After years of foot-dragging, Indonesia may have finally found a firm base to grow its geothermal capacity. To recall, with the onset of the Asian financial crisis in 1997, almost all geothermal projects were stopped or cancelled when it became clear that PLN, the state-owned electricity generating entity, was not going to buy the produced electricity as promised, according to a report by consultancy Layman Energy Associates.

Most of the foreign investors have stopped their development projects or have packed up under severe losses. The only foreign geothermal business that was left was Chevron (the operations were previously owned by Unocal). It was able to do so because it operates on contracts signed decades ago under the then - strongman General Suharto. At present, Chevron manages two geothermal projects in Indonesia - Darajat and Salak - which generates 259 MW of electricity, the latest of which is a 110 MW Darajat unit which started commercial operations in June 2007.

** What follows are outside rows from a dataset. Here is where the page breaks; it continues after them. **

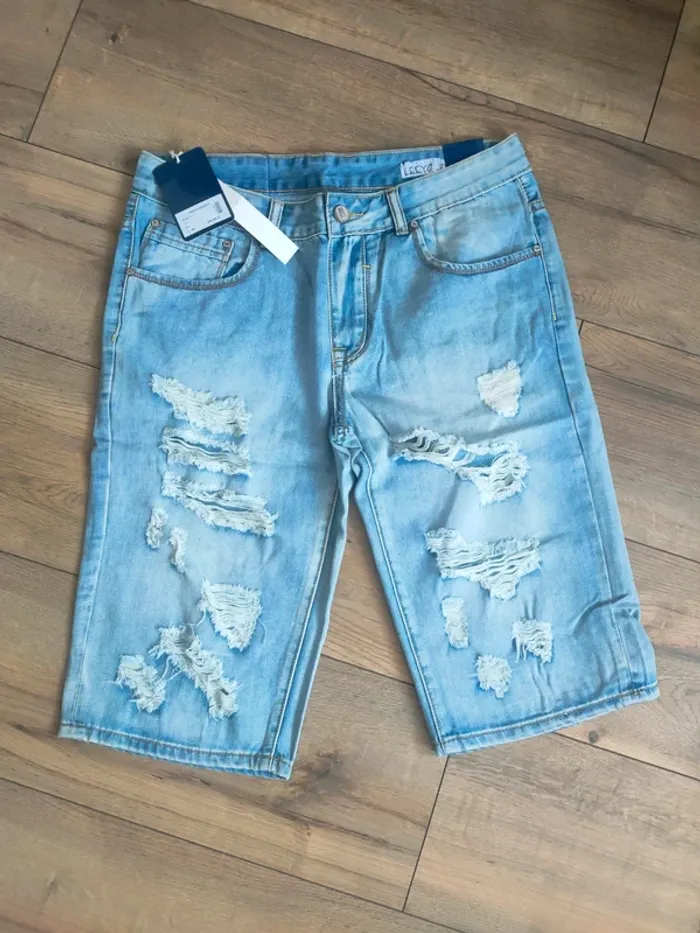 Short en jeans bleu avec trous pour homme 36US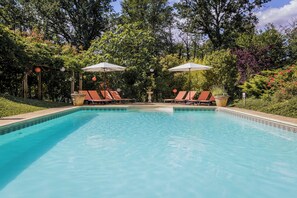Outdoor pool, a heated pool - Rosepeche, a beautiful villa with a castle feel (Les Eyzies)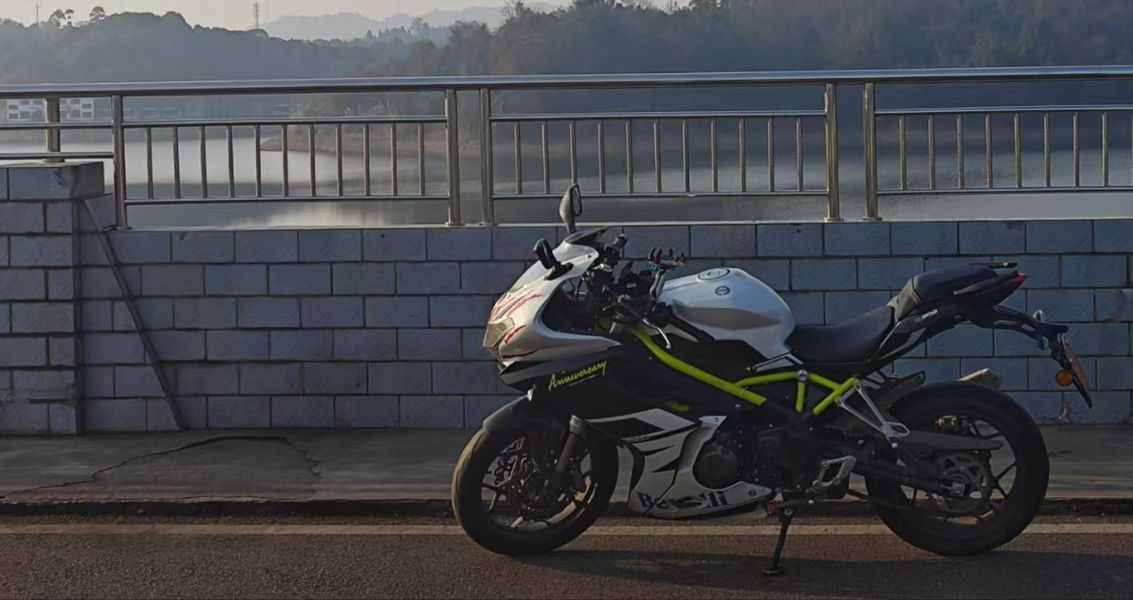 二手贝纳利龙卷风 Tornado 302R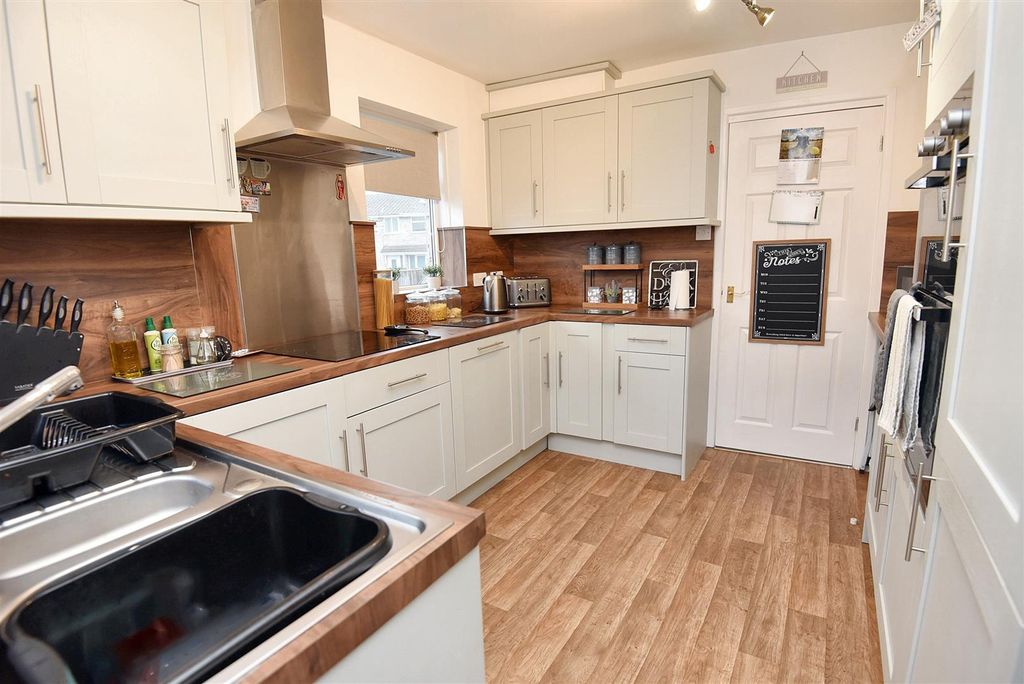 Property photo 3 of 10 Kitchen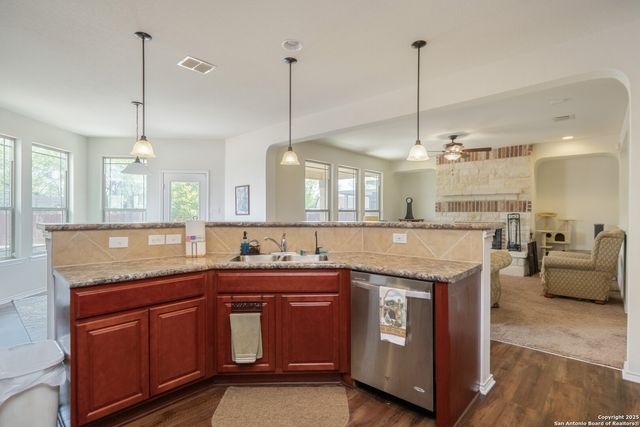 9914 Copper Rise, Converse, TX 78109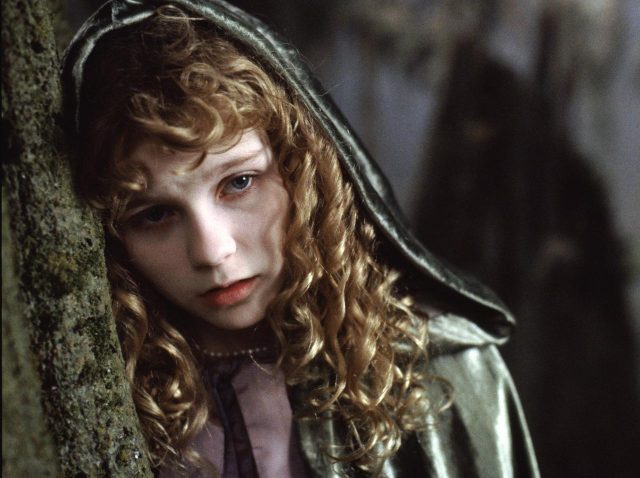 ブラッド・ピットと“11歳”でキスしたキルスティン・ダンスト、キスは「キモかった」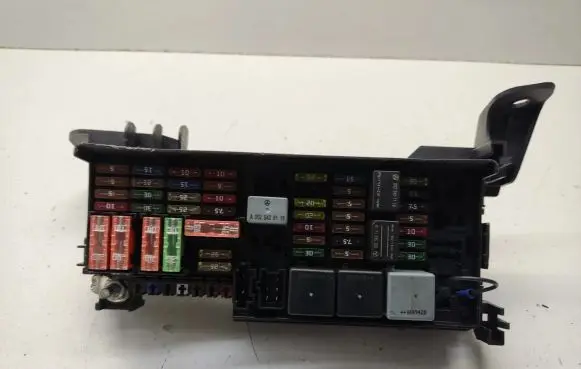 Mercedes-Benz ML W164 Fuse box set A1643402372 A1655451740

In 2006, Sugiharto Harsopragitno, director of the Ministry of Energy and Natural Resources' geothermal department, said that it could take years for foreign investors to return. However, with the improvement in business climate starting in 2003, the return could take sooner than later. That year, a new geothermal law was passed which became a catalyst for renewed geothermal activities in recent years.

During the Clean Energy, Good Governance and Regulation Forum held in Singapore last March 16-18, 2008, Asclepias Rachmi Indriyanto of the Indonesian Institute for Energy Economics, cited important geothermal development progress in recent years as a result of overhauling the country's geothermal laws and regulations. These are:

2003 - Geothermal Law 27/2003 was passed which has given legal certainty in the geothermal enterprises;

2004 - Geothermal development blueprint was enacted;

2005 - The Directorate of geothermal Enterprise and the Supervision of Groundwater Management was established;

2006 - Commissioned the JICA-funded Master Plan Study for Geothermal Power Development in Indonesia; and

2007 - A regulation allowing exemption of import duties for geothermal exploration equipment and exemption of taxes for exploration activities was released.

In addition, Presidential Decree No. 03/2005 on Regulation of Electricity Supply and Utilization was issued to (1) regulate the supply and utilization of electricity and (2) to prioritize the utilization of renewable energy (including geothermal) for power generation without bidding process.

As a result of improved business climate, foreign investors have started to trickle in in recent years. Last year, eight companies have signed a Joint Operation Contract, a preferred business route, with state-owned energy developer Pertamina. The latest announced entrant is the Reykjavik Energy Invest (REI) of Iceland which signed a cooperation agreement with Pertamina Geothermal to explore and develop some three geothermal fields in Indonesia, according to the company's press release.

It must be noted that REI and another Icelandic firm Geysir Green Energy (GGE) teamed up with local energy firm FirstGen Corporation, to take control of local geothermal developer PNOC Energy Development Corporation (PNOC-EDC) from the Philippine government through the consortium Red Vulcan Holdings. However, on December 28, 2007, REI and GGE divested their total 40 % stake in Red Vulcan.

Gudmundur Thorodsson, REI President and CEO said that while REI's plans regarding PNOC-EDC have changed, REI is committed to long-term involvement in the Philippines. He said, REI remains "committed to our other projects in the Philippines, including the Biliran steam field".

PNOC-EDC itself tried to enter Indonesia in 2003 when it concluded a three-company memorandum of agreement with Marubeni Power Systems and Pertamina to jointly carry out development relating to geothermal power generation and to construct geothermal power plants in three locations in Indonesia. The chosen locations and target capacities (in parenthesis) are Lumut Balai (330 MW) and Ulubelu (110 MW) in south Sumatra and Tompaso (60 MW) in North Sulawesi. However, these projects seemed to have not taken off.

Indonesia possesses the largest geothermal potential in the world, which is estimated at 27,000 MW. There are 253 identified fields, of which 53 are ready for detailed exploration and exploitation.